Malgré les 7 objectifs du Gouvernement, le compte n’y est pas ! L’État se cache derrière la loi EGALIM ! Pourtant, cette loi est inefficace pour redonner du revenu aux paysans ! Il aura fallu une forte mobilisation pour que le Ministre de l’Économie et de le Ministre de l’Agriculture et de la Souveraineté Alimentaire doublent les contrôles sur la grande distribution et les industriels par rapport à l’année 2023. Les seuils EGALIM dans la restauration collective ne sont pas respectés ! Les mesures sectorielles en viticulture et en élevage sont insignifiantes ! Les mesures fiscales et sociales pour les élevages représentent 1 035 euros par ferme.
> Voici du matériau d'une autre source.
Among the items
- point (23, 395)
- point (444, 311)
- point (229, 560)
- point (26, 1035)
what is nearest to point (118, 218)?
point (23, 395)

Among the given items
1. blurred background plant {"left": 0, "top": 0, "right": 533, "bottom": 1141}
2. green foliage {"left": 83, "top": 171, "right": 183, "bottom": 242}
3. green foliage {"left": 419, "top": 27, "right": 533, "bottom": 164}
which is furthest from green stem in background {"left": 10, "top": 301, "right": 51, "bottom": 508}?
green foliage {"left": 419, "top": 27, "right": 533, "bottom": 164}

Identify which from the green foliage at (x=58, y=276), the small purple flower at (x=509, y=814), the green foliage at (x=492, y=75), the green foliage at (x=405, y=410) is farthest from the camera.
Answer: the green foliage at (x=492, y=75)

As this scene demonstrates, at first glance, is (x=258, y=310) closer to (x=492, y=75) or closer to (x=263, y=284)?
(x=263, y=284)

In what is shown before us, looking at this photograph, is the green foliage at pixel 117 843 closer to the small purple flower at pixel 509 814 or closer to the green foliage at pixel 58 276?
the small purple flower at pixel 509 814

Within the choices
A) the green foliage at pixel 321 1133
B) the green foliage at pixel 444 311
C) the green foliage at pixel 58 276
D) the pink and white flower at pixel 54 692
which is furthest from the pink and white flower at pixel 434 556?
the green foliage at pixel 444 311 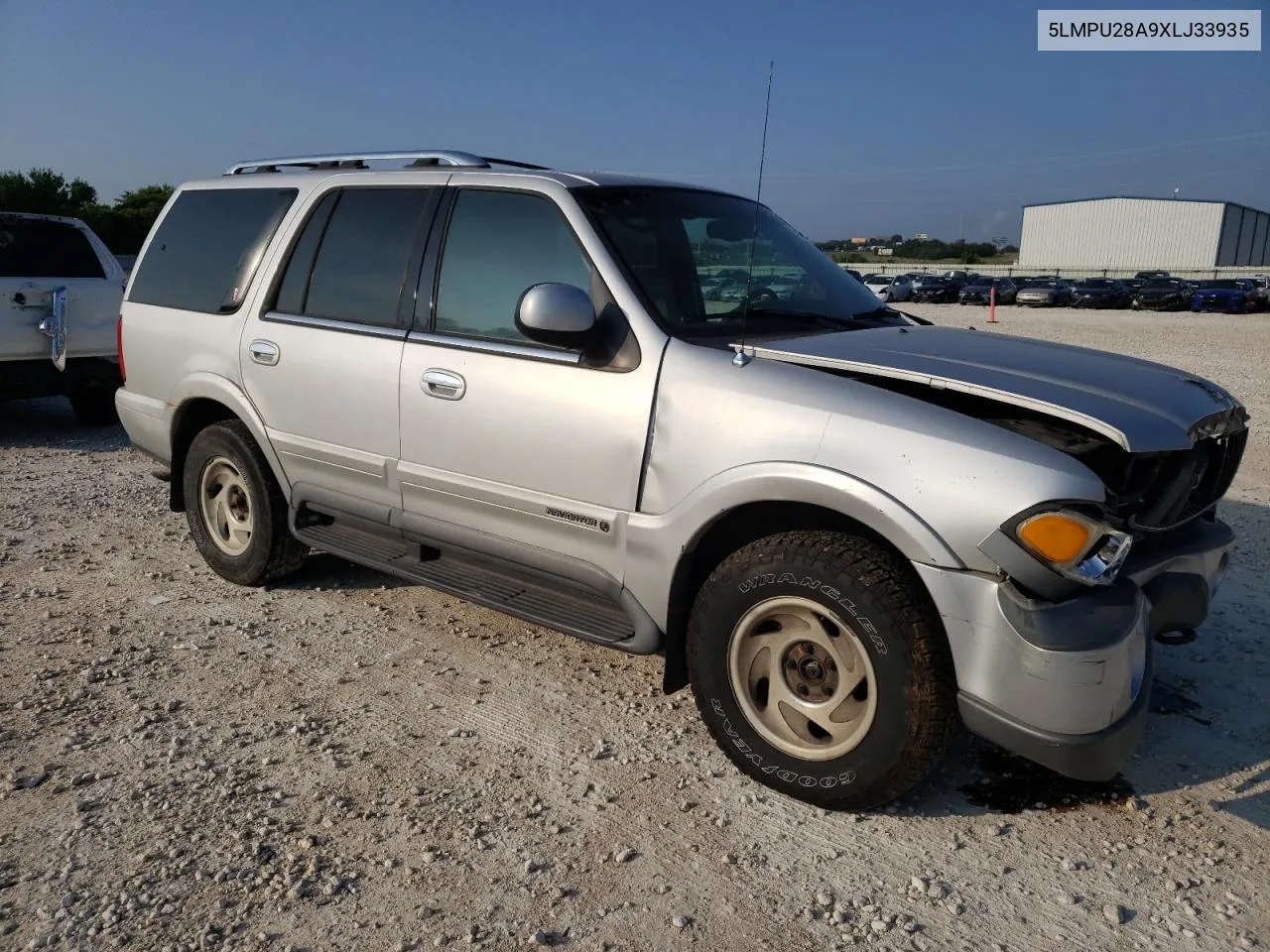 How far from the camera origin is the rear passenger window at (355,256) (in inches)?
164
Pour la viticulture, la solution proposée par le Gouvernement est d’arracher 12 % de la surface du vignoble français.

Le MODEF rencontre le Président de la République et le Ministre de l’Agriculture et de la Souveraineté Alimentaire ce jeudi 15 février à 12h15 à l’Élysée. Lors de cette rencontre, le MODEF va particulièrement insister sur la nécessité de réguler les marchés et les prix agricoles par la mise en place des prix planchers garantis par l’État et d’un encadrement des marges grâce au coefficient multiplicateur. En dehors d’une revalorisation d’urgence des prix, l’avenir des paysans, des territoires, de l’emploi et de l’environnement sera compromis. Pour le MODEF, des mesures d’encadrement apparaissent indispensables pour sortir les producteurs de la vente à perte imposée chaque année.